Die Aufnahmebedingungen in die Zünfte erforderten den Nachweis redlichen Verhaltens und tadelloser Arbeitsleistung, Absolvierung einer formgerechten Lehrzeit mit dem Abschluß eines Gesellenstückes, Einhaltung bestimmter Wanderzeiten, schließlich das Meisterstück. Der Meisterbrief bestätigte den Abschluß der Ausbildung.

Ein alter Handwerksspruch lautete: ,,Das Handwerk soll so rein sein, als hätten es die Tauben gelesen.“

Die Erfindung der Buchdruckerkunst, des Schießpulvers, des Kompaß — der Forschungen,

kurz, die ganze Technik der Renaissance brachte einen solchen Umschwung in die wirtschaftlichen Lebensbedingungen des Handwerks, daß die Entwicklung auch einen geschriebenen oder gedruckten Niederschlag in den Zunftsatzungen finden mußte.

In diesen schriftlichen Überlieferungen fanden durch die nachkommenden Geschlechter auch die Auslands- und Sittenregeln des selbstbewußten Handwerks eine sorgfältige Pflege und Beachtung.

Diese und andere Urkunden wurden von jedem Verein in der „Lade der Zunft“ sorgfältig verwahrt, die im besonderen Zunftraum oder Zunfthaus aufbewahrt wurden. In der Lade wurden die Satzungen, Mitgliederlisten, Fahnen und Abzeichen der Zunftmitglieder, Wimpel und Siegel, vor allem die „privilegierten Rechte“ in ihren Niederschriften aufbewahrt. Vor der geöffneten Lade wurden die Gelübte der Lehrlinge, Gesellen und Meister abgelegt, die mit einem besonderen Zeremoniell, oft auch mit kirchlichen Handlungen verbunden waren. War die Lade offen, so war gewissermaßen das Gesetz inmitten der Versammlung und zwang zu der erforderlichen Achtung und Haltung. Besondere Anlässe, wie die „Freisprechung der Junggesellen“ oder die „Bestattung der Meister“ wurden meist unter Mitwirkung der Kirche vollzogen. Die Zeremonien des Brauchtums der einzelnen Handwerkszweige waren aufgezeichnet und wurden in der Lade aufbewahrt, um in ihrer Anordnung genau beachtet zu werden.

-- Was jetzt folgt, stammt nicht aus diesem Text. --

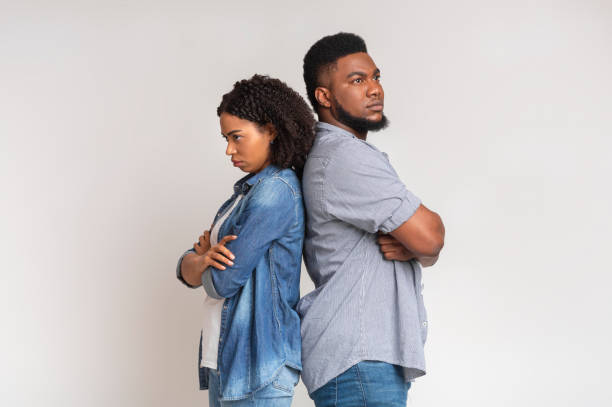 istock Offended black couple standing back to back ignoring each other 1217794011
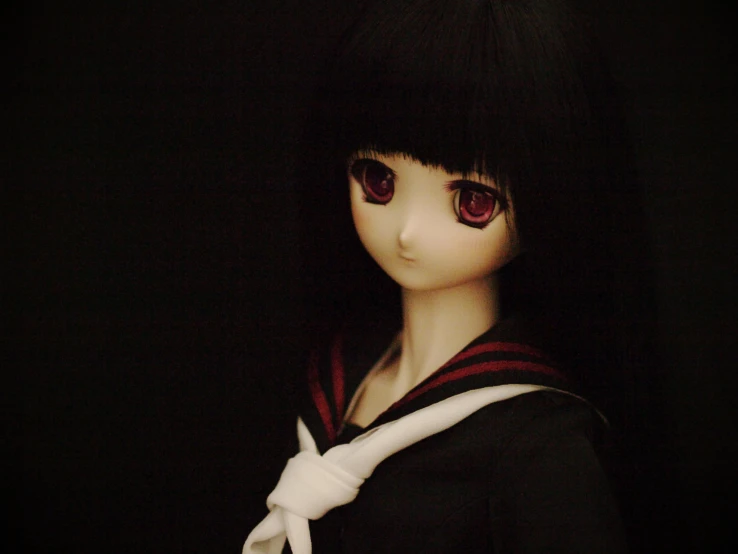 a dark doll has a white neck tie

Ein Stück solchen alten Brauchtums hat die Bürgerschaft von Ahrweiler erlebt als der Sohn des Buchdruckermeisters Warlich, Georg Warlich, am 24. Januar 1968 feierlich den Gesellenbrief erworben hatte. Die Tageszeitungen unseres Kreises haben über diesen interessanten Vorgang illustriert berichtet und gleichzeitig kundgetan, daß das Brauchtum bei aller Besinnlichkeit auch harte Prozeduren zu bestehen hatte. Dieser Brauch geht auf das Jahr 1493 zurück. Das Handwerk ist ein Ruhmesstand, der seit Jahrhunderten, seit der Gewinnung der Freiheit im Mittelalter, sich zum Gemeinwohle von Stadt und Land entwickelt hat. Unsere ältesten Städte künden noch heute vom Handwerk geschaffene Dome, Rathäuser und Patrizierhäuser mit ihren alten Straßen und Gassen. Sie künden gleichzeitig das Sprichwort, das seine volle Berechtigung hatte: „Handwerk hat goldenen Boden.“ Freilich gestatten es Zeitgeist und technische

Entwicklung nicht, um dieses wertvolle Gut des Brauchtums voll aufleben zu lassen. Aber einiges von der werten grauen Vergangenheit sollte mehr gepflegt werden, um die oft recht rein förmlich gehaltenen „Freisprechungen“ und „Meisterberufungen“ mit seltenem Wert sinnvoll zu beleben.